Restaurateur and musician Tim McCloone is also the founder of Holiday Express. He created the idea of offering a live band performance during the nonprofit's events.

Wolton said the nonprofit's mission is to provide a party for those who wouldn't ordinarily have one.

"It's a great day, this is really what the holiday is all about," said Bob Martin, Holiday Express director of development. "This is an amazing collaboration of community members bringing light into people's lives."

Meanwhile, Holiday Express was also hosting a similar party at the same time over at St. Ann's Church in Newark, where an additional several hundred people were served.

"I feel very blessed to be here today, and to enjoy such a festive engagement," said Sharon Evans, Newark citizen.

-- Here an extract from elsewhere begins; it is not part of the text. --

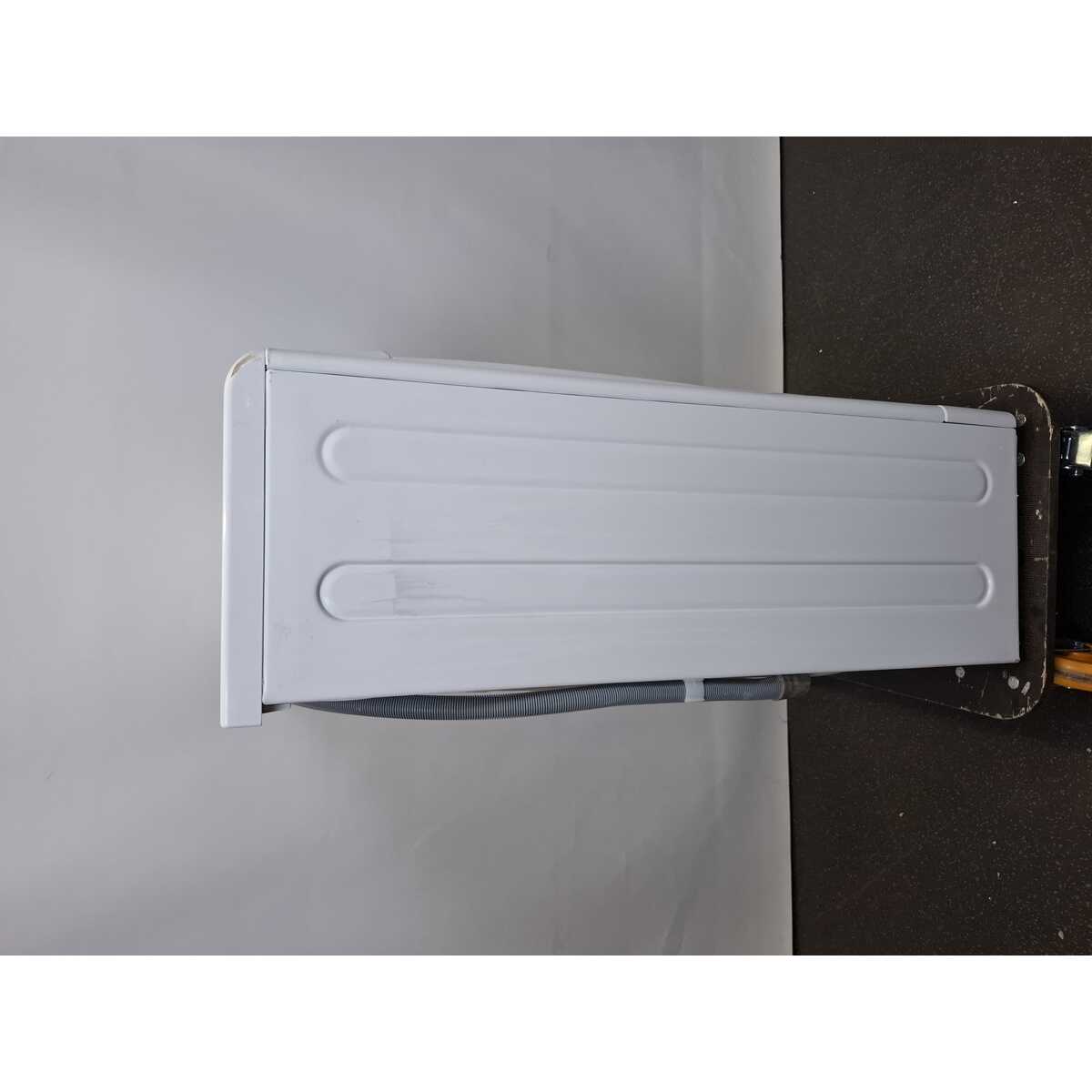Стиральная машина Indesit IWUB 4085, белый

During the event, a song was dedicated to Barbara Moran, a volunteer who recently passed away. The emcee said "she was a little thing but extremely feisty." Several of the returning guests were familiar with her.

"It was nice, you really go out of y'all way for people. I really enjoyed it," said Jackie Jacobs of East Orange. 

Holiday Express is powered by 1,500 volunteers and relies solely on donations. The nonprofit hosts 100 events across New Jersey each year, mostly during November and December, and assists communities during tragedies.

Wolton said Holiday Express events reach an estimated 27,000 people annually.